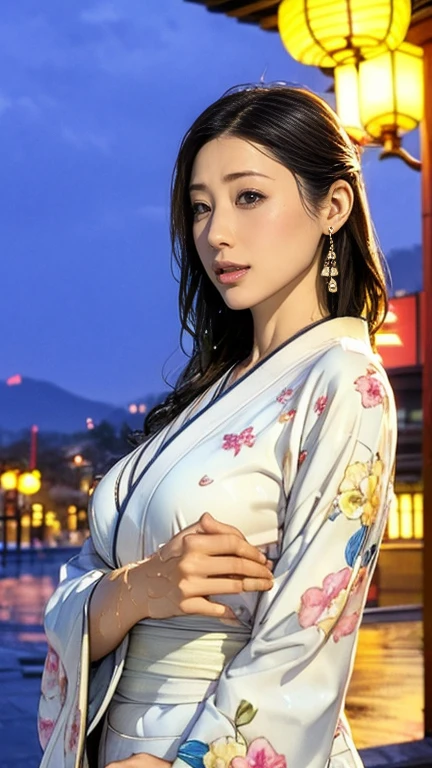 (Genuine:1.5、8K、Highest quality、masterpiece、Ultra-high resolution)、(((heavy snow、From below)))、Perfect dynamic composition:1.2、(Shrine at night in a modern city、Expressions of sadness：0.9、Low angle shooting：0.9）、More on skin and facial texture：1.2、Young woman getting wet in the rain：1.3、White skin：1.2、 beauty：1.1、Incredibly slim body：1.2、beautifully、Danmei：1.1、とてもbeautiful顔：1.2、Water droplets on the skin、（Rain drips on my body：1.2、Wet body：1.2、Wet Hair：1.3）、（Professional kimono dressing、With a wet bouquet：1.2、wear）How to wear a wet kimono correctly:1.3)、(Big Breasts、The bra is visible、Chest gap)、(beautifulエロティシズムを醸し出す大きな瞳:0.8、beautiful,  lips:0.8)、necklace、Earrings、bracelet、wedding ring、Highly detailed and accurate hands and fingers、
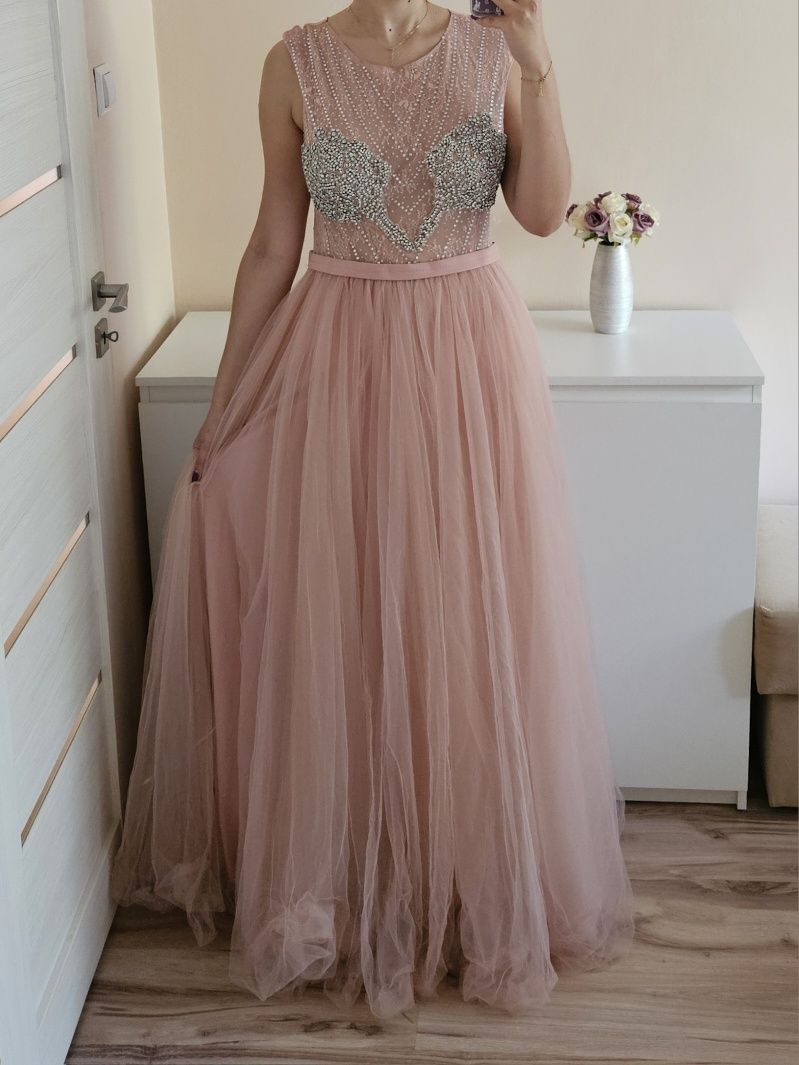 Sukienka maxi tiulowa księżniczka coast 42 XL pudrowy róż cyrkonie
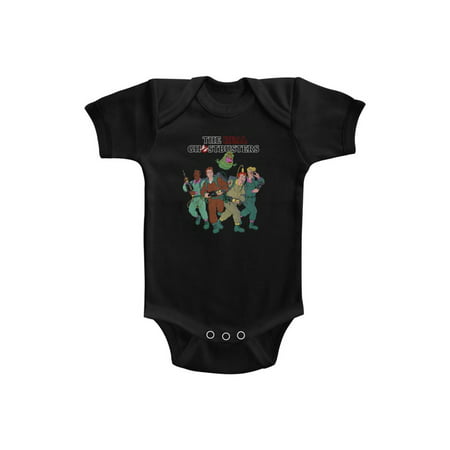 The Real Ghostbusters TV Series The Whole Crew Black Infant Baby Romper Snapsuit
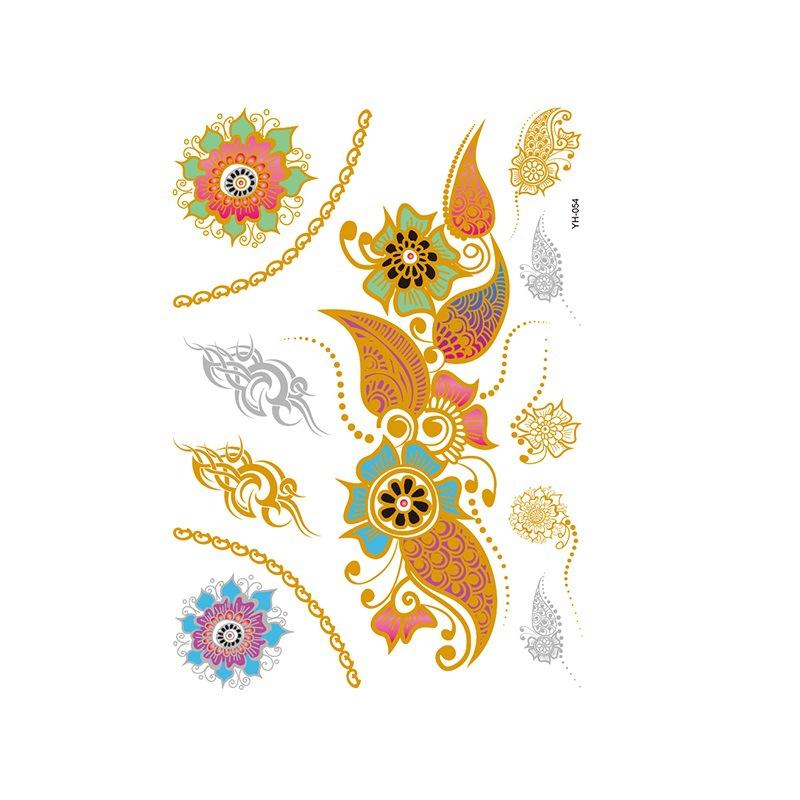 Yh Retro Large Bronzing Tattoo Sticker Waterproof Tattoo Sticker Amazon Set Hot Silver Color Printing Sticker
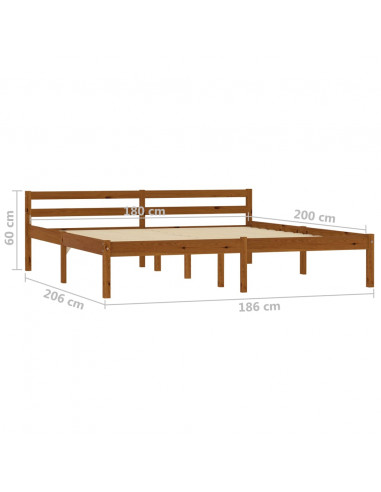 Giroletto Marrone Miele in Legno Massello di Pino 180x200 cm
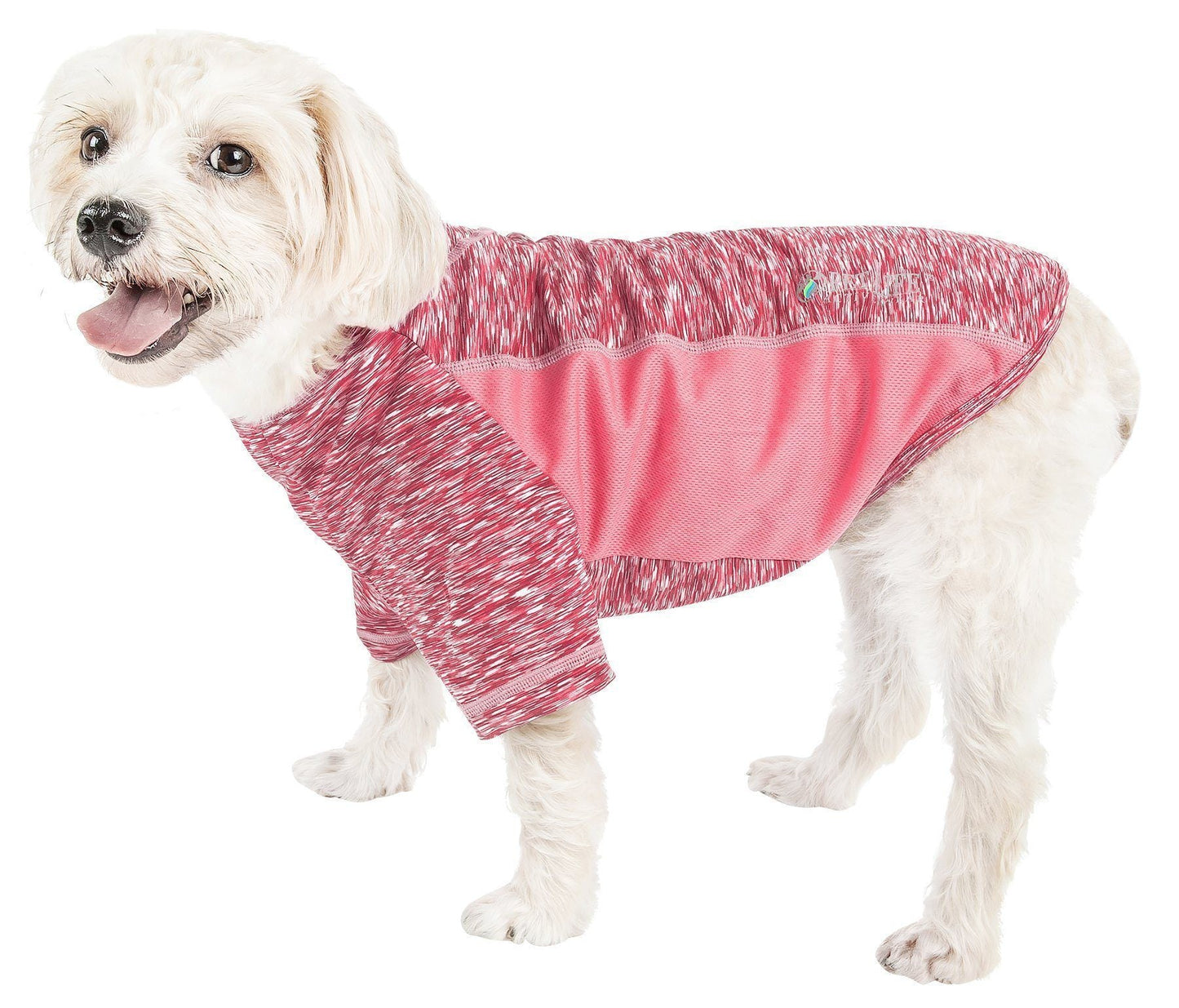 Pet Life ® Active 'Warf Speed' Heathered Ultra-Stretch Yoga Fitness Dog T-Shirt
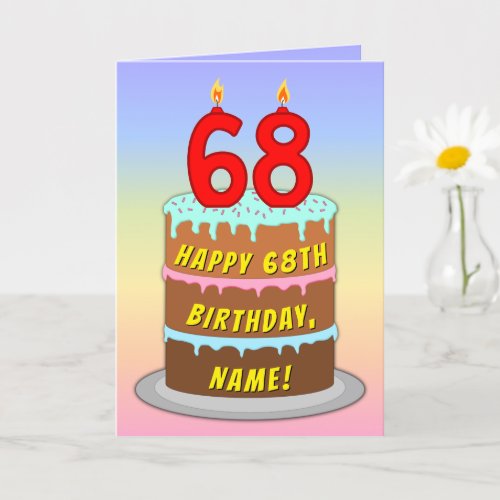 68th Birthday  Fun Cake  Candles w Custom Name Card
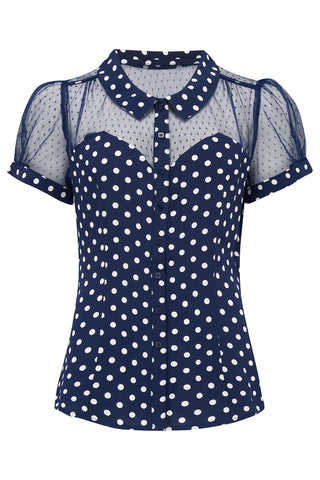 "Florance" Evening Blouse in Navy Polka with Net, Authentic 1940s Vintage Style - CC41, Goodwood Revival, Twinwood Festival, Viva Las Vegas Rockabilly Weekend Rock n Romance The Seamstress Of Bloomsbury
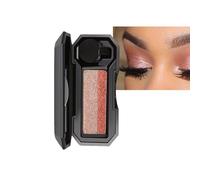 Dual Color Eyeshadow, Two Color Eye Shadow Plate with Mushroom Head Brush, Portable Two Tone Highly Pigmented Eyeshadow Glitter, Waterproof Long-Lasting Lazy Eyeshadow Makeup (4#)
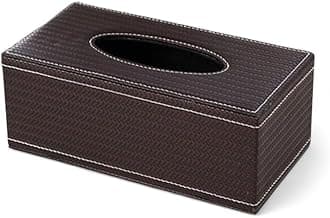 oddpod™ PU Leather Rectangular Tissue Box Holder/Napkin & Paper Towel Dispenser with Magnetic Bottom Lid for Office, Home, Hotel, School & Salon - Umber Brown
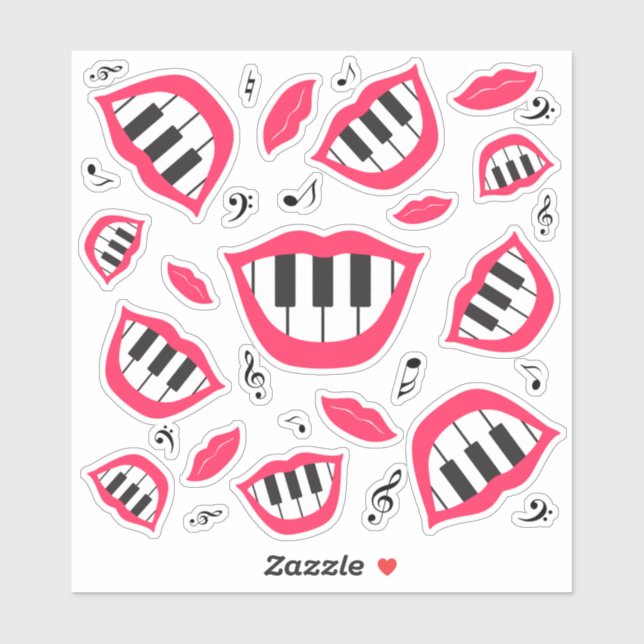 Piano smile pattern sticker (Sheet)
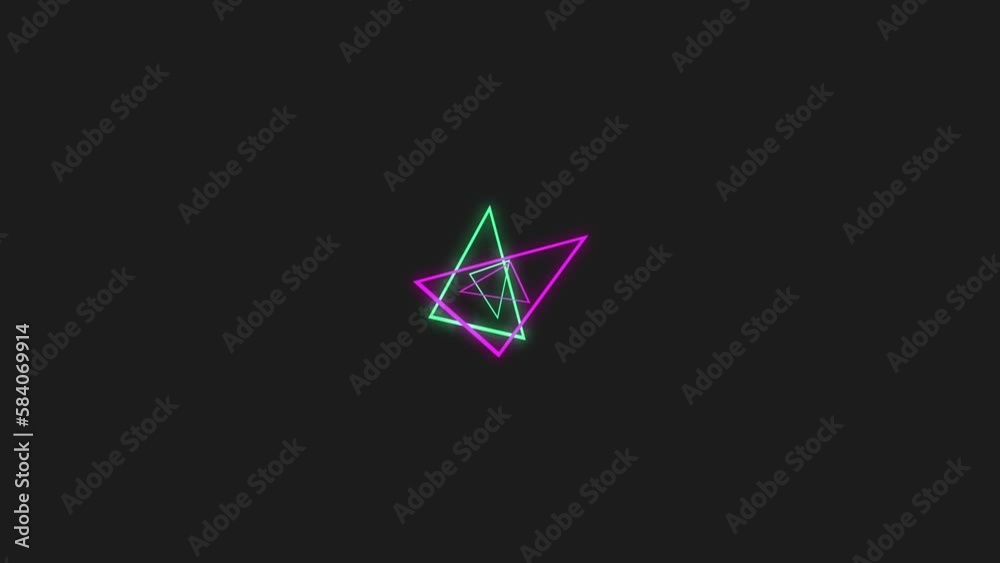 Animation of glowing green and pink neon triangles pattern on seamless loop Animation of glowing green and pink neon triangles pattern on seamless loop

• [Assignment]:
The expected output is the lines from the line that contains "The Real Ghostbusters" through the last line of the material, reproduced exactly, with both ends present and pictures absent.

• [Response area]:
 The Real Ghostbusters TV Series The Whole Crew Black Infant Baby Romper Snapsuit
 Yh Retro Large Bronzing Tattoo Sticker Waterproof Tattoo Sticker Amazon Set Hot Silver Color Printing Sticker
 Giroletto Marrone Miele in Legno Massello di Pino 180x200 cm
 Pet Life ® Active 'Warf Speed' Heathered Ultra-Stretch Yoga Fitness Dog T-Shirt
 68th Birthday  Fun Cake  Candles w Custom Name Card
 "Florance" Evening Blouse in Navy Polka with Net, Authentic 1940s Vintage Style - CC41, Goodwood Revival, Twinwood Festival, Viva Las Vegas Rockabilly Weekend Rock n Romance The Seamstress Of Bloomsbury
 Dual Color Eyeshadow, Two Color Eye Shadow Plate with Mushroom Head Brush, Portable Two Tone Highly Pigmented Eyeshadow Glitter, Waterproof Long-Lasting Lazy Eyeshadow Makeup (4#)
 oddpod™ PU Leather Rectangular Tissue Box Holder/Napkin & Paper Towel Dispenser with Magnetic Bottom Lid for Office, Home, Hotel, School & Salon - Umber Brown
 Piano smile pattern sticker (Sheet)
 Animation of glowing green and pink neon triangles pattern on seamless loop Animation of glowing green and pink neon triangles pattern on seamless loop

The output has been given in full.